Tejada v. City of New York
Decision Date | 20 April 1987 |
Parties | Carmen TEJADA, Respondent, v. The CITY OF NEW YORK, et al., Appellants. |
Court | New York Supreme Court — Appellate Division |
Peter L. Zimroth, Corp. Counsel, New York City (Stephan J. McGrath and Pamela Seider Dolgow, of counsel), for appellants.
Gewurz & Gewurz, P.C., New York City (Martin S. Rothman and Paul Gewurz, of counsel), for respondent.
Before THOMPSON, J.P., and WEINSTEIN, KUNZEMAN and HARWOOD, JJ.
MEMORANDUM BY THE COURT.
In an action to recover damages for personal injuries, the defendants appeal from a judgment of the Supreme Court, Queens County (Hentel, J.), entered June 25, 1985, which, upon a jury verdict, is in favor of the plaintiff and against them in the principal sum of $1,426,431.
ORDERED that the judgment is reversed, on the facts and as an exercise of discretion, without costs or disbursements, and a new trial is granted on the issue of damages only, unless within 20 days after the service upon the plaintiff of a copy of this decision and order, together with notice of entry, the plaintiff shall serve and file in the office of the Clerk of the Supreme Court, Queens County, a written stipulation consenting to reduce the verdict as to damages to the principal sum of $700,000 and the entry of an amended judgment accordingly.
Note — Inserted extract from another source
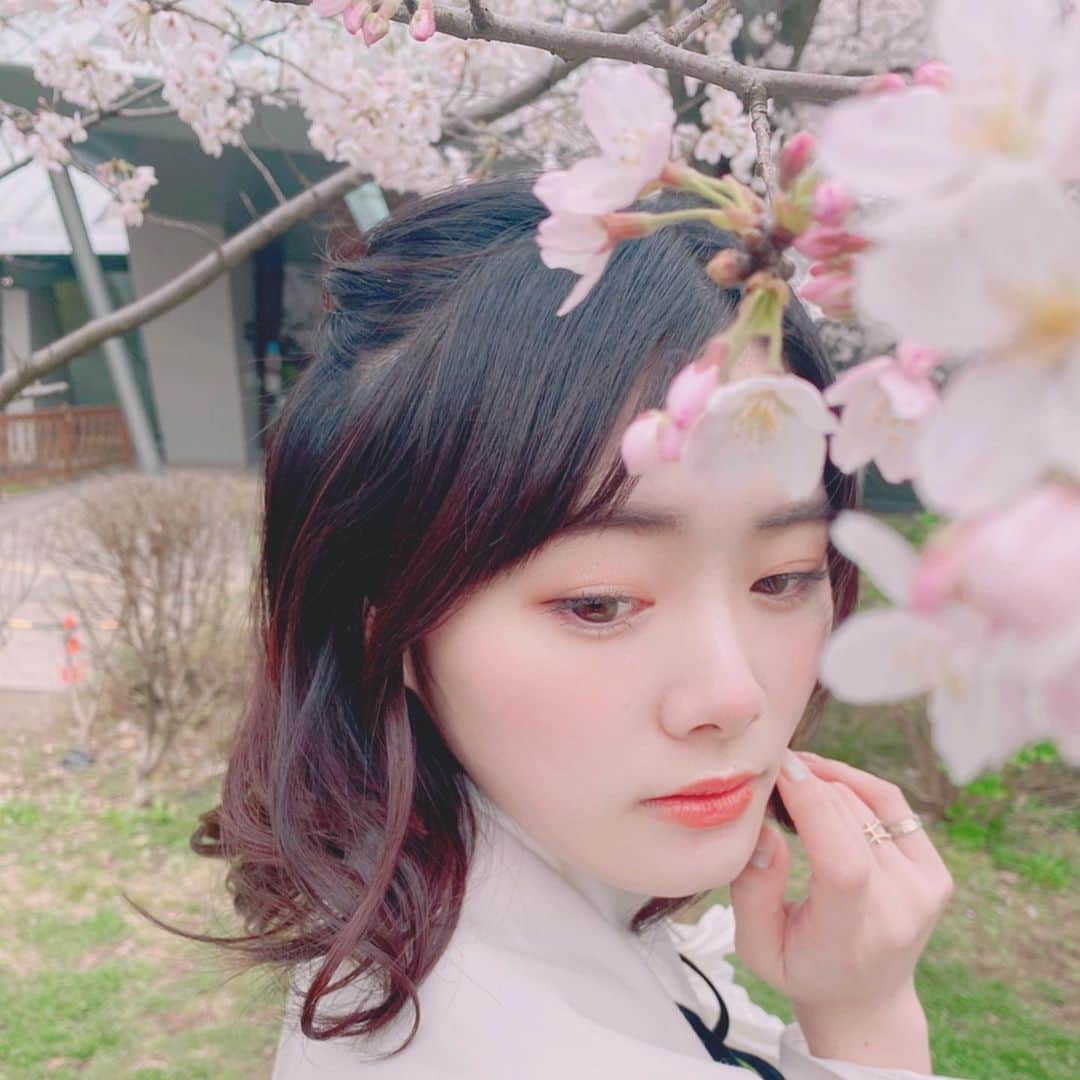 長谷川玲奈さんのインスタグラム写真 - (長谷川玲奈Instagram)「#🌸」3月30日 19時56分 - bbg_rena0315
In the event that the plaintiff so stipulates, then the judgment, as so reduced and amended, is affirmed, without costs or disbursements.
The plaintiff, a young mother of two children, suffered an injury to her right knee when the New York City Department of Corrections van that was returning her from a visit to Rikers Island hit a sharp dip in the road, causing her to fall from her seat. The deterioration of her injured knee has led to several surgical procedures, severely restricting her mobility, and to the development of chronic conditions involving her back and other knee. Nonetheless, while we recognize the severe and lasting effects of the plaintiff's injuries, as well as the economic loss she will likely incur, we find the verdict clearly excessive to the extent indicated.